Written by Amy Hill Hearth
Review by Michael I. Shoop

Hearth’s fictional treatment of an actual series of brutal shark attacks that terrified people along the popular beaches of New Jersey’s coast in 1916 draws on a variety of sources to give the reader the real story of what happened that hot July, events that eventually sent shock waves throughout the country. Capturing the reader’s attention from the very first page, the fact-based story is related mainly by the fictional Dr. Edwin Halsey, a prominent small-town physician who harbors a harrowing secret concerning his own past that connects him to the current attacks.

From the very first incident, Halsey suspects that a shark is responsible, but is unable to convince anyone else of his concerns. He becomes a single-minded investigator, examining victims’ bodies and the sites of the monster’s attacks, phoning newspapers, sounding the alarm. However, with an outbreak of polio and the possibility of closing the New Jersey borders for the season, and rumors of a huge German submarine patrolling the coast adding to the confusion and fear, Halsey is up against conspiracy theories and disbelief and denials and panic.

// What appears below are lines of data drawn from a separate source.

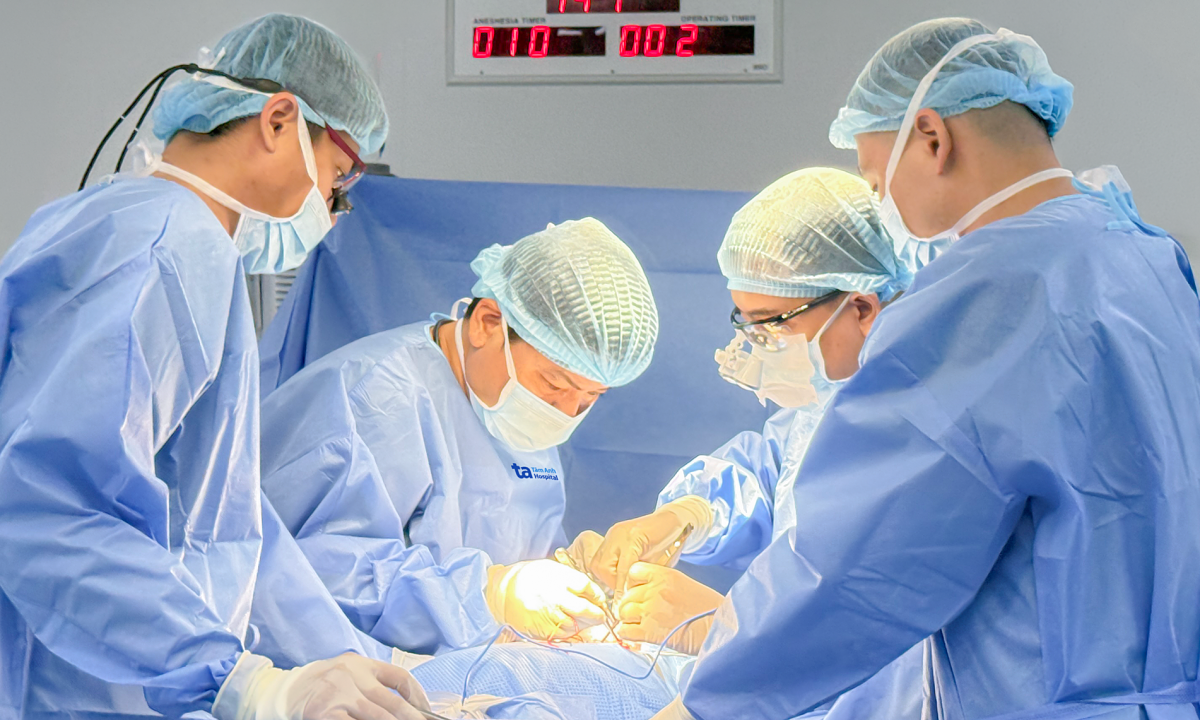 Thận bé trai 4 tuổi phình to, ứ nước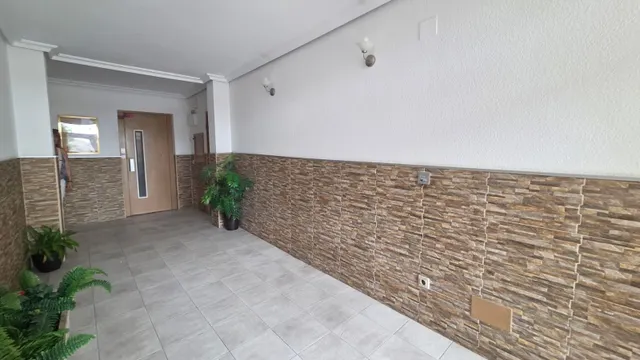 2 habitaciones y garaje cerrado, para entrar a vivir — 31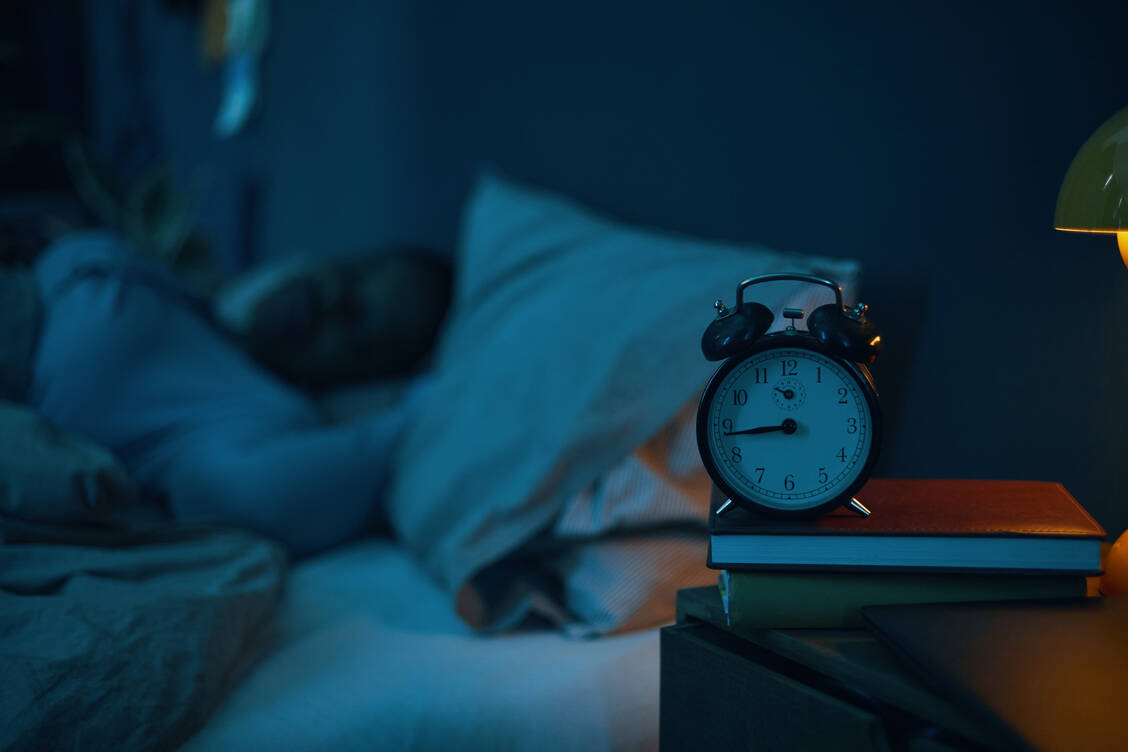 Insbesondere Personen, die weniger als acht Stunden schlafen, sollten täglich etwa zur gleichen Uhrzeit ins Bett gehen, um das Herz-Kreislauf-System zu schützen. Das impliziert jedenfalls eine Beobachtungsstudie aus Finnland. / © Getty Images/DragonImages
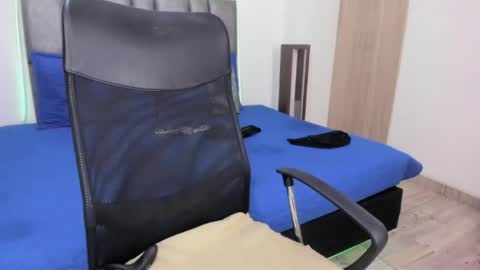 mitchbukanan online show from May 21, 1:01 am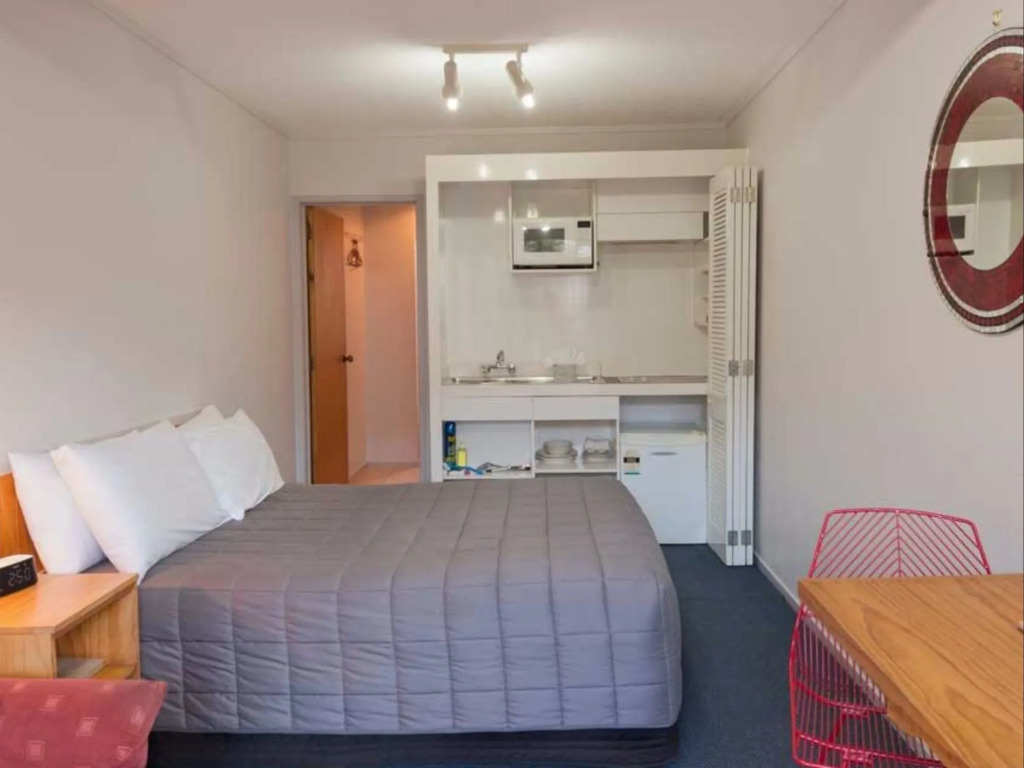 Edelweiss Motel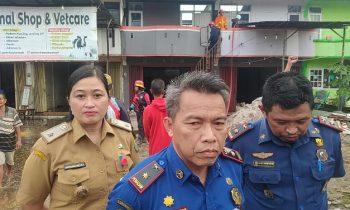 Kepala Disdamkarmat Kotim Hawianan tengah saat dimintai keterangan usai pemadaman api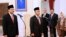 (Ki-ka) Mensos baru Gus Ipul dilantik bersama Kepala BNPT Irjen Eddy Hartono oleh Presiden Jokowi di Istana Negara, Jakarta, Rabu (11/9). (Biro Setpres)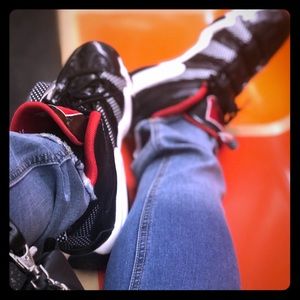 Crazy 8’s sneakers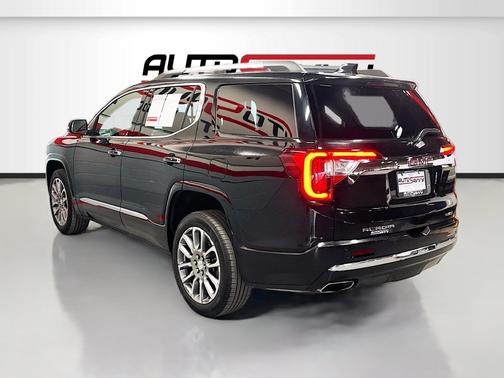 Ebony Twilight Metallic 2022 GMC Acadia Denali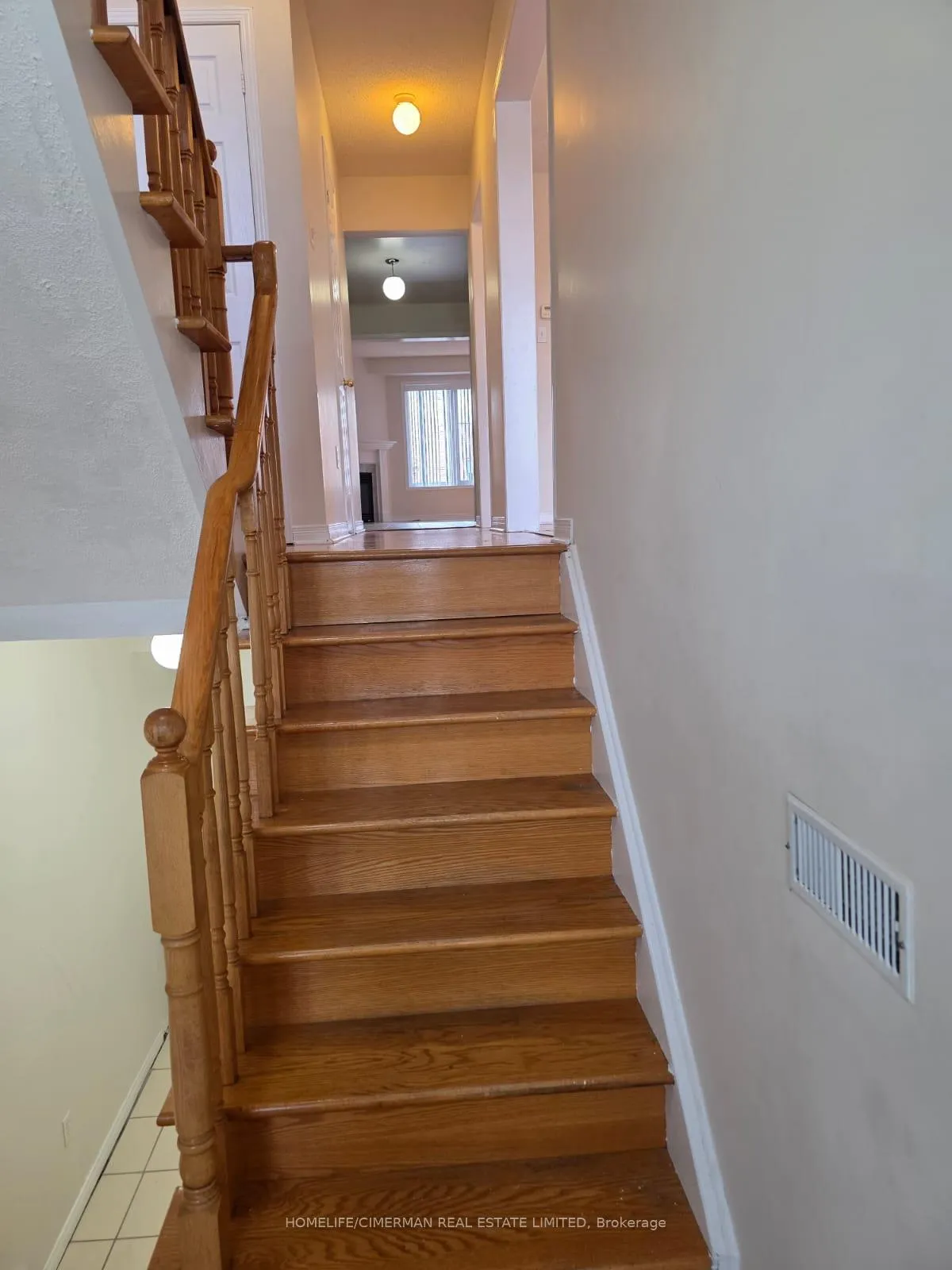 Photo 4 of Unit Upper, 161 Sassafras Circle, Vaughan, Patterson — HOMEH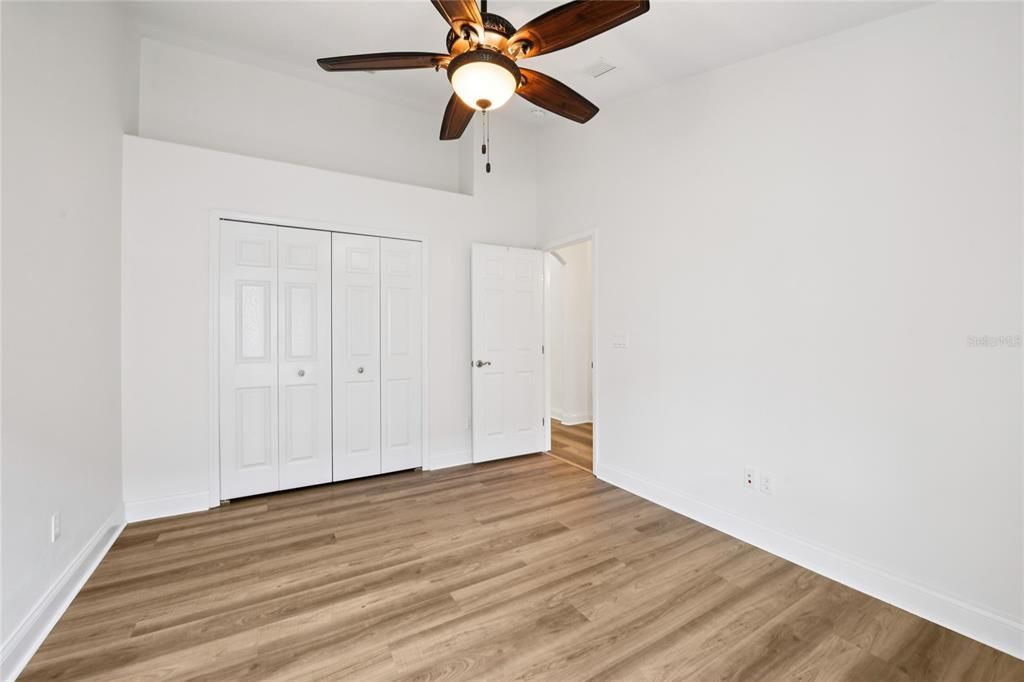 На продажу: $439,000 (4 спален, 2 ванн, 2229 Квадратных фут)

Hearth creates a good balance of suspense, urgency, and real terror, her use of historical events and people—even Woodrow Wilson has a cameo―are appropriate and add to the authenticity of the era. Hearth’s characters, including Halsey; the tragic schoolteacher Margaret Atkins; Halsey’s strong-willed daughter, Julia; and the real-life eccentric Brooklyn taxidermist/animal trainer Michael Schliesser—who plays a vital role in determining and explaining the horrifying events of that summer—are well drawn and believable. This combination of historical events and thrilling suspense makes for a taut, compelling read. A list of resources is included.